Jean SOISSONS (40), 1919–2005

Dossier : ExpressionsMagazine N°614 Avril 2006Par : Jean CARPENTIER (44)

Jean Sois­sons nous a quit­tés le 14 décembre 2005, au terme d’une vie par­ti­cu­liè­re­ment riche en acti­vi­tés pro­fes­sion­nelles et fami­liales, dans les­quelles il s’é­tait inves­ti plei­ne­ment jus­qu’au der­nier jour, empor­té brus­que­ment par un malaise cardiaque.

Né à Bar-le-Duc, le 24 février 1919, il effec­tue ses études secon­daires et supé­rieures à Laon, Paris et Lyon. Dès sep­tembre 1939, il sou­haite pou­voir par­ti­ci­per à la défense de la patrie, comme enga­gé volon­taire. Il est incor­po­ré le 1er octobre et affec­té, à sa demande, le 15 novembre, dans l’ar­mée de l’air. Retar­dé dans ses études, il ne peut pas­ser le concours d’en­trée à l’É­cole poly­tech­nique qu’en 1943. Il y est admis au titre de la pro­mo­tion 40. Sor­ti dans le corps des ingé­nieurs mili­taires de l’air, il est diplô­mé de Sup’Aé­ro en 1947.

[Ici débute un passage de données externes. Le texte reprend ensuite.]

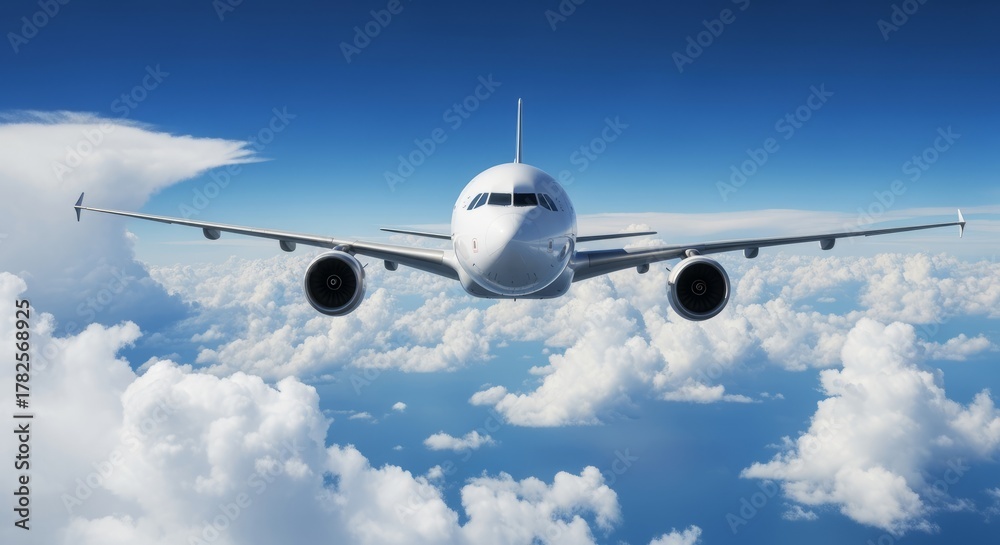 Fototapeta premium Airplane Flying Above Fluffy White Clouds Under Bright Blue Sky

Après un stage à la Snec­ma, de 1947 à 1948, Jean Sois­sons entre au Centre d’es­sais en vol (CEV). D’a­bord ingé­nieur d’es­sais à la sec­tion moteurs, il en devient rapi­de­ment le chef, puis il est nom­mé chef des essais du CEV, fonc­tion qu’il exerce de 1955 à 1957. Il y acquiert une com­pé­tence très éten­due et son cours sur les moteurs, à l’É­cole du per­son­nel navi­gant d’es­sais du CEV, fait bien­tôt autorité.

En 1957, Jean Sois­sons est nom­mé chef du bureau plans et pro­grammes de la Direc­tion tech­nique et indus­trielle de l’aé­ro­nau­tique dont il super­vise l’en­semble du bud­get. Ses fonc­tions le mettent en rap­port avec la Direc­tion des recherches et moyens d’es­sais, dans le cadre de la Délé­ga­tion minis­té­rielle de l’ar­me­ment, créée en 1961. Il se fait alors très appré­cier pour son sérieux, son dyna­misme, son ouver­ture d’es­prit, aus­si bien par le délé­gué minis­té­riel, le géné­ral Lavaud, que par­mi ses inter­lo­cu­teurs de la DRME, alors diri­gée par le pro­fes­seur Lucien Mal­avard. Aus­si la pro­po­si­tion émise par l’in­gé­nieur en chef Mau­rice Nat­ta (38), sous-direc­teur des moyens d’es­sais à la DRME, de nom­mer Jean Sois­sons direc­teur du Centre d’es­sais des Landes (CEL) qui est créé en 1962, est-elle retenue.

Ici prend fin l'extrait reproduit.